I don’t know about you, but at certain times of the month, my energy levels aren’t as high as usual and I notice an increase in my appetite. This might have something to do with my iron levels.
Did you know that women need 14.8 milligrams of iron every day? We need to watch our iron levels particularly as we lose a significant amount of blood during menstruation. When our iron levels are running low we can experience fatigue, moodiness and mental fog.
The latest National Diet & Nutrition Survey which was published in 2016, revealed that 48% of girls and 27% of women have low iron intakes, below the national dietary reference intake. Worryingly this can put us at risk of iron deficiency anaemia.

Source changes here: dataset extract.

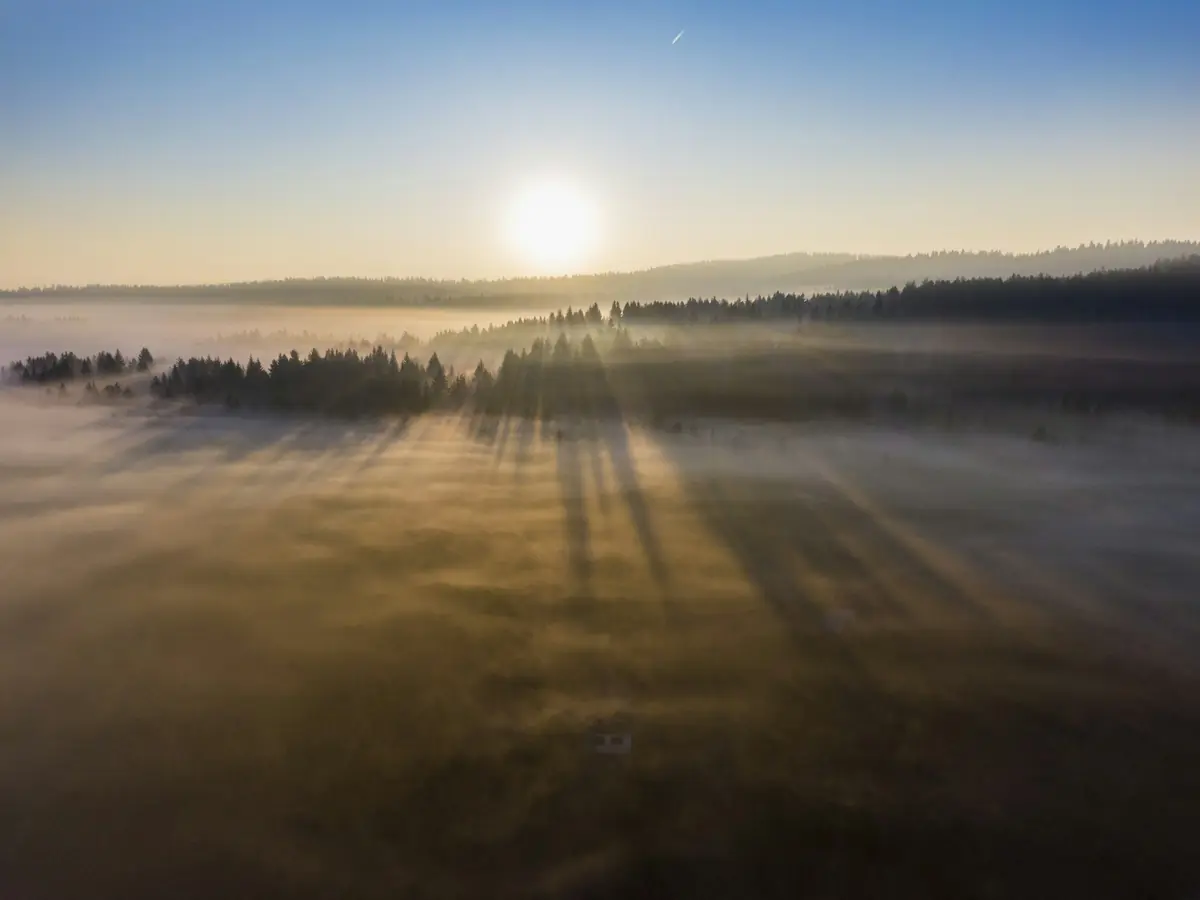 Vale coberto de neblina dourada visto do alto, ao amanhecer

Symptoms of which include shortness of breath, heart palpitations and feeling extremely tired. If you have any of these symptoms ask your GP for a blood test to check your iron levels.

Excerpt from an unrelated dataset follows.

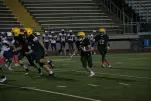 IMG 0345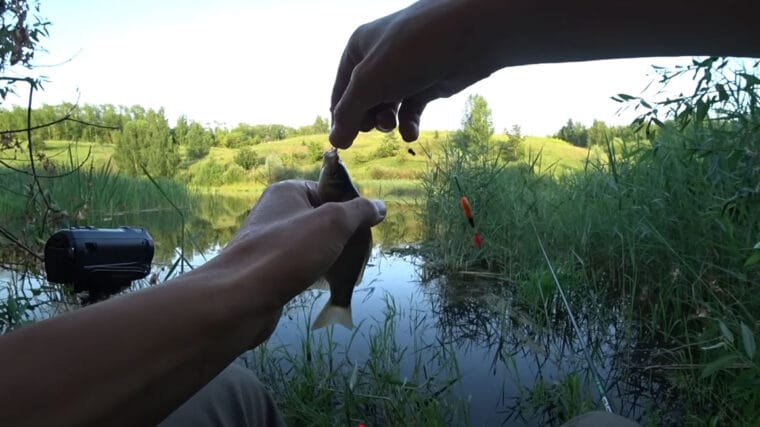 Дивись на водну рослинність - і зрозумієш, де стоїть карась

So How Can You Up Your Iron Intake?
You don’t need to just gorge on steak. If you are vegetarian or vegan, you can still get your iron intake from green leafy vegetables, pulses and dried fruits. However the non-haem iron found in these products is not as well absorbed by our bodies. You are therefore advised to eat foods with vitamin C alongside foods that contain iron, for example iron-fortified breakfast cereals topped with raspberries or oranges.
What to eat?
- Boiled Asparagus
- Steamed spinach
- Steamed curly kale
- Steamed leeks (my fave at the mo)
- Baked beans
So if you are feeling a bit fatigued particularly around your time of the month, perhaps a slight diet change might help. Let me know your thoughts.